[ABOUT THIS EXERCISE] In the records below, find the line with "Vartika Singh Green" and repeat exactly every line from it through the line with "Local disponible para". Pictures stay out.

[DATA TO USE]

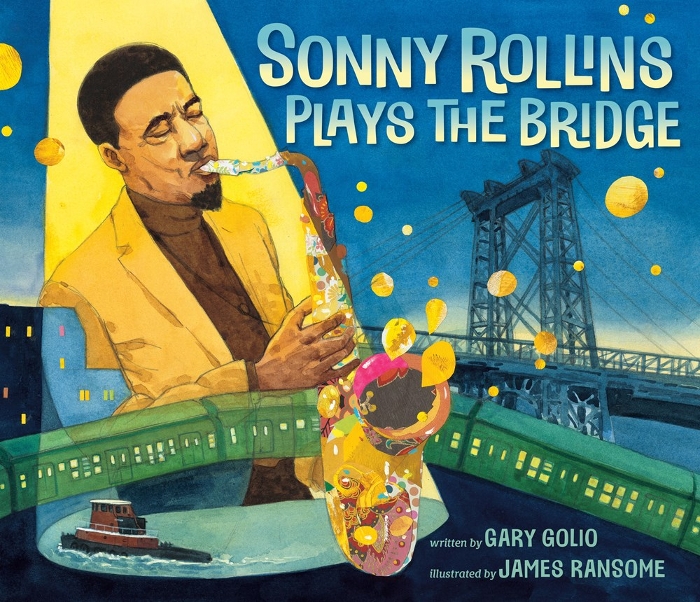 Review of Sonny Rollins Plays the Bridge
* * *
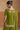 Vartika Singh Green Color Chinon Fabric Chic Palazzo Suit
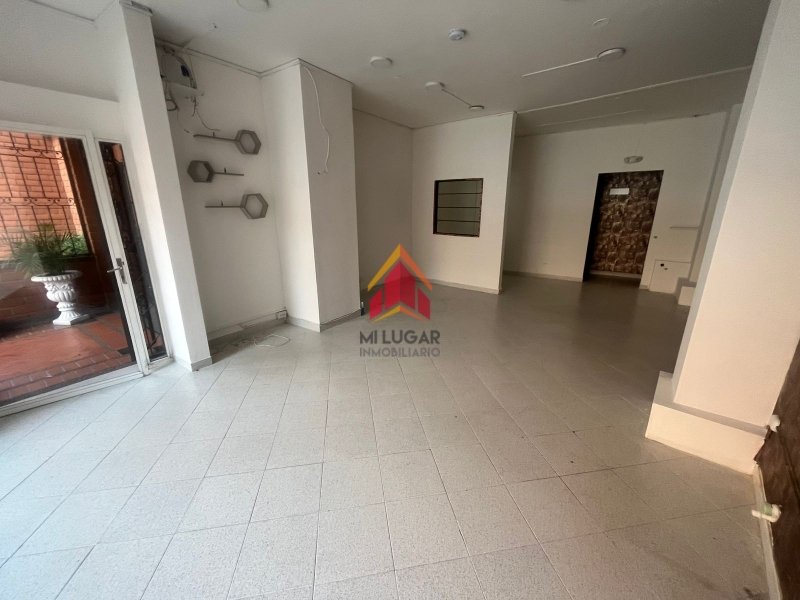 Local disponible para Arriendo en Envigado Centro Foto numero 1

[OUTPUT OF THE EXERCISE]
 Vartika Singh Green Color Chinon Fabric Chic Palazzo Suit
 Local disponible para Arriendo en Envigado Centro Foto numero 1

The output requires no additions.